### DESCRIPTION OF THE TASK
An exact, complete printout of the listing is wanted, minus its images.

### STORED DATA
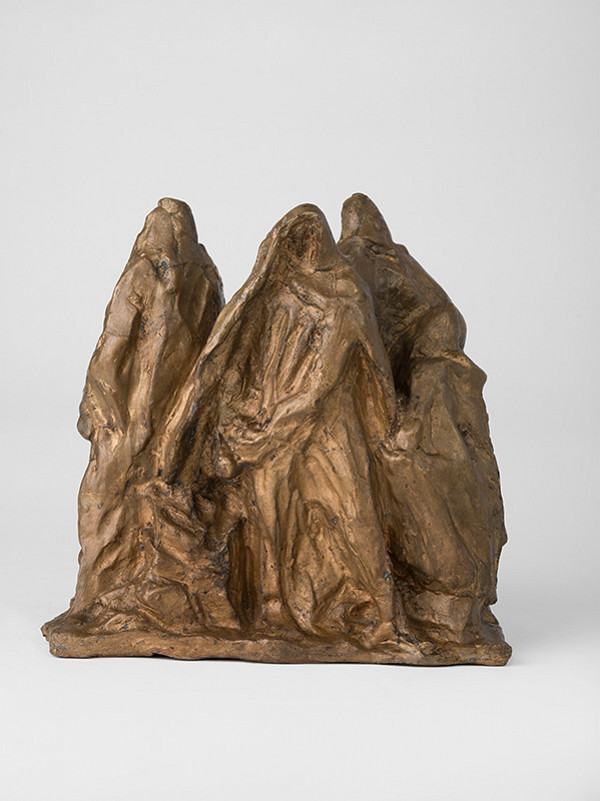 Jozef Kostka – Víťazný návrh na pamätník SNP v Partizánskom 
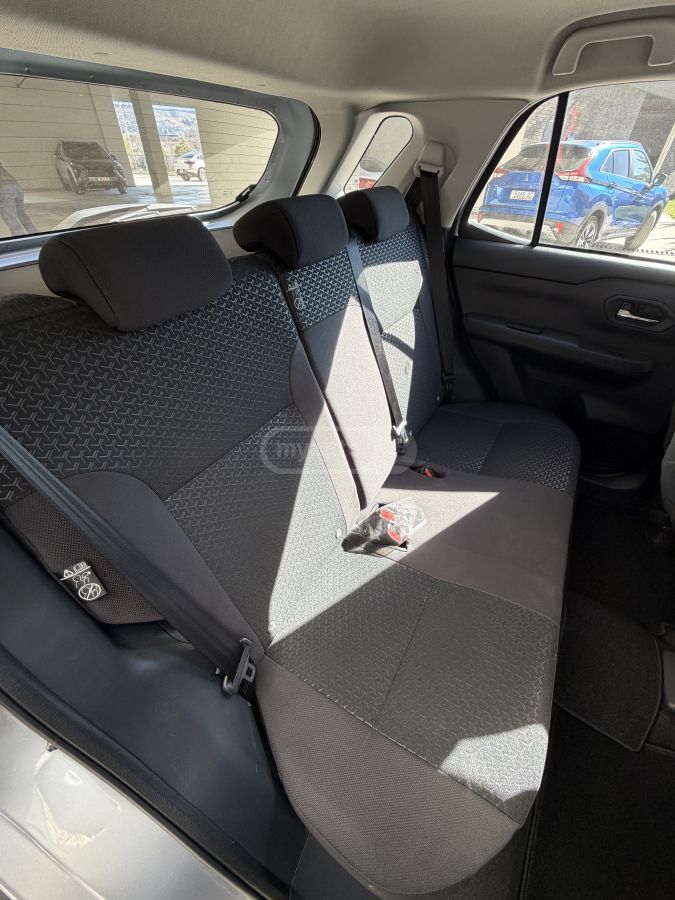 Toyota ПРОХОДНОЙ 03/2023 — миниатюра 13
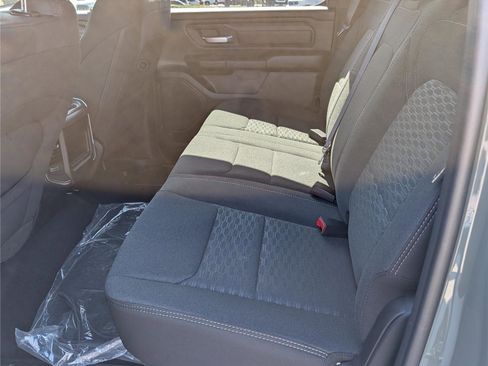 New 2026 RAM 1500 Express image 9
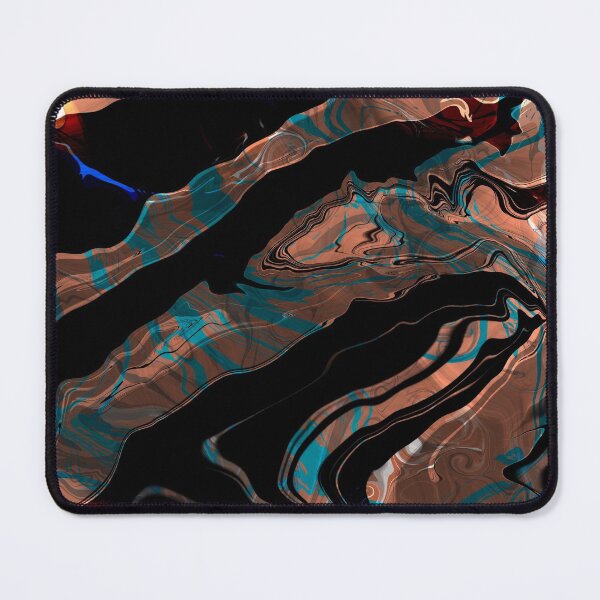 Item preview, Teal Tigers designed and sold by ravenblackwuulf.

### EXPECTED ANSWER
 Jozef Kostka – Víťazný návrh na pamätník SNP v Partizánskom 
 Toyota ПРОХОДНОЙ 03/2023 — миниатюра 13
 New 2026 RAM 1500 Express image 9
 Item preview, Teal Tigers designed and sold by ravenblackwuulf.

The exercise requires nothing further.